Заметно взволнованы старые хлеборобы. Им выпала честь сопровождать первый обоз с зерном в государственные закрома. На передней подводе— Никита Васильевич Ангелин.

Неподалеку от тока, тут же, на солнцепеке, школьники рисуют плакаты, пишут большими буквами лозунги. Вот сорванцы! Кто надоумил их украшать хлебный обоз? Неужели Паша?

— Ну, конечно, Пашина работа, — то ли с гордостью, то ли с осуждением говорит Никита Васильевич. — Она выдумает…


Молодых и старых колхозников захватила уборка. Все тракторы и комбайны работали безукоризненно, четко.

…Паша «отбуксовала» комбайн на новый массив. Пшеница здесь на редкость густая. Трактор и прицепленный к нему комбайн двигались медленно, громко урча и вздыхая: казалось, что работать им невмоготу.
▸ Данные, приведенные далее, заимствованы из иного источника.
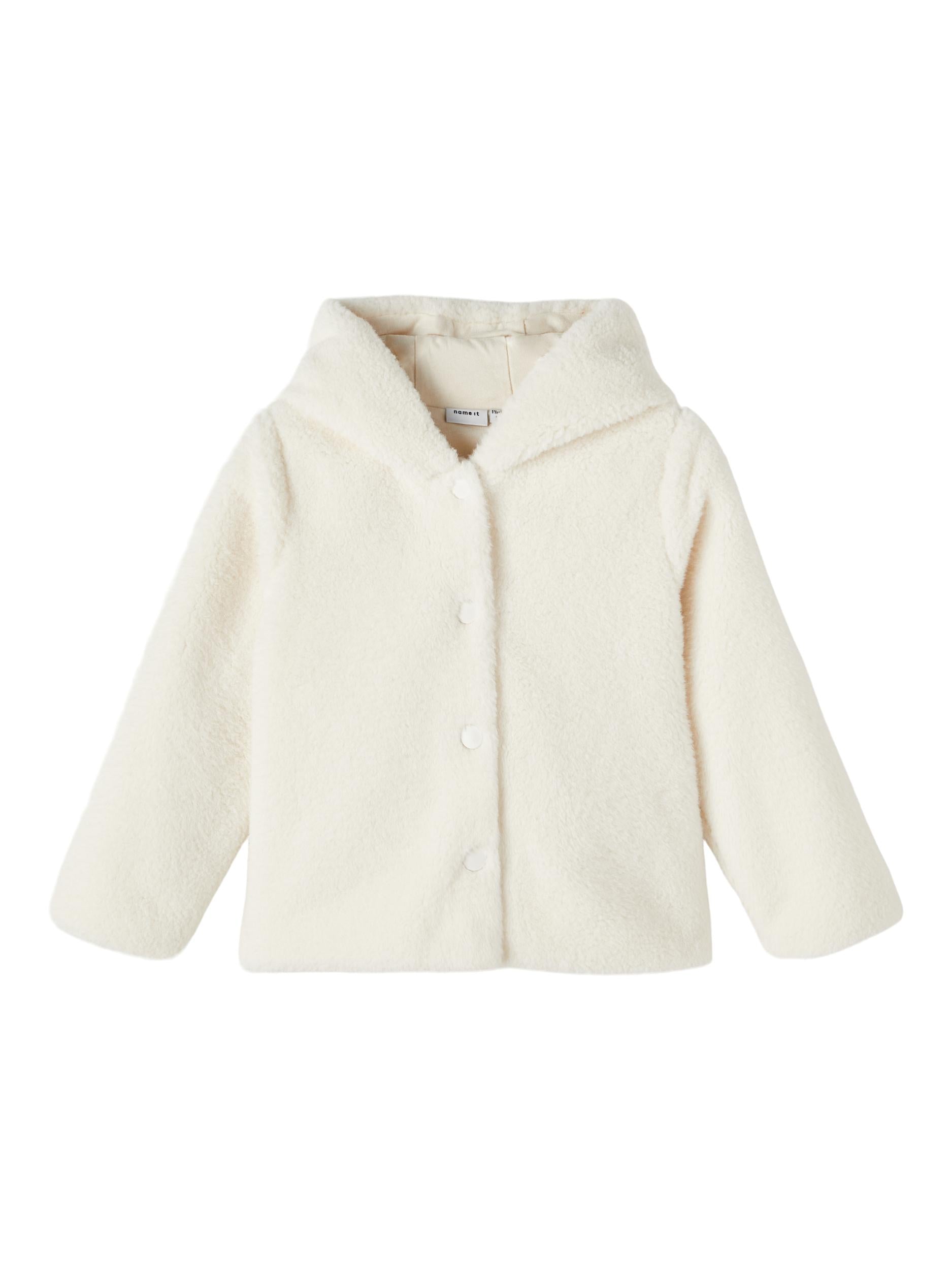 Girl's Olive Teddy Cardigan - Jet Stream-Front View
— С чего бы это? — спросил Степан Иванович, прислушиваясь.

Никита Васильевич, шагая рядом со Степаном Ивановичем, предложил тут же выяснить причину, и они направились к комбайну.
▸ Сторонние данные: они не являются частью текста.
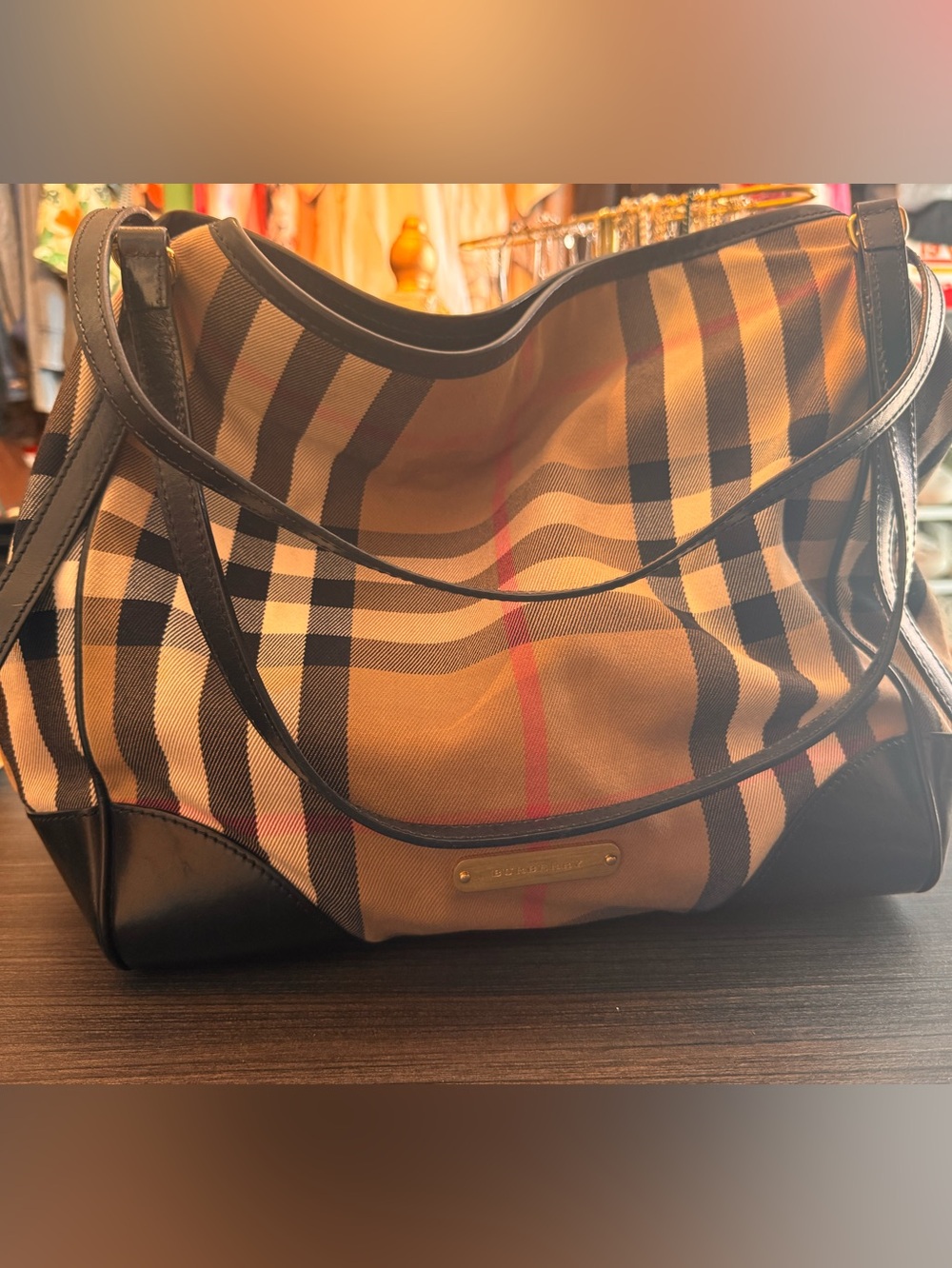 Burberry Nova check Tan Black Shoulder Tote with Red Stripe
Их окликнул Дмитрий Лазаревич.

— К Христофору, — не оглядываясь, ответил Не-чипуренко. — Беспокоит нас, как бы у него той, хведор не поломался.

— Хедер, — ухмыльнулся Дмитрий Лазаревич.

— Я и говорю… хведор;

— Хедер, а не хведор! — кричит ему на ухо Никита Васильевич. — Эк и непонятливый ты стал, Степан!

— Ишь, какой ученый объявился! — не унимался Степан Иванович, поднимая густые клочковатые брови. — Известно же, хведор!

Дмитрий Лазаревич взял их под руку и повел целиной к комбайну.

— Смотрите не ругайтесь, а то на самом деле тот «хведор» обломается.

— Ты, председатель, зубы не заговаривай, а лучше объясни, отчего это машина от напряжения дрожит, — разозлился Степан Иванович.

— Вот и докладываю, — с прежней игрой в голосе ответил Дмитрий Лазаревич, — яровые дадут на круг по восемьдесят пудов, не меньше, зерна кукурузы возьмем по двадцать пять центнеров, а в зеленой массе по четыреста..

— А что ты сам думаешь, не маловато ли? — для полного уяснения спросил Степан Иванович.

— Нет, но, может, и в самом деле маловато, дорогой Степан Иванович, — и он задумался. — Вот, например, на массиве в сто тридцать пять гектаров, где трактористы подняли черные пары, мы получаем вкруговую по сто девяносто три пуда. Ведь это стариннейшее мое намеренье с Пашей: взять по двести пудов на каждом гектаре.

Тут Никита Васильевич вцепился и стал допрашивать председателя, почему им не удается взять по двести пудов со всей площади.

— Я сразу и не отвечу, Никита Васильевич, тут много причин, и все сложного порядка.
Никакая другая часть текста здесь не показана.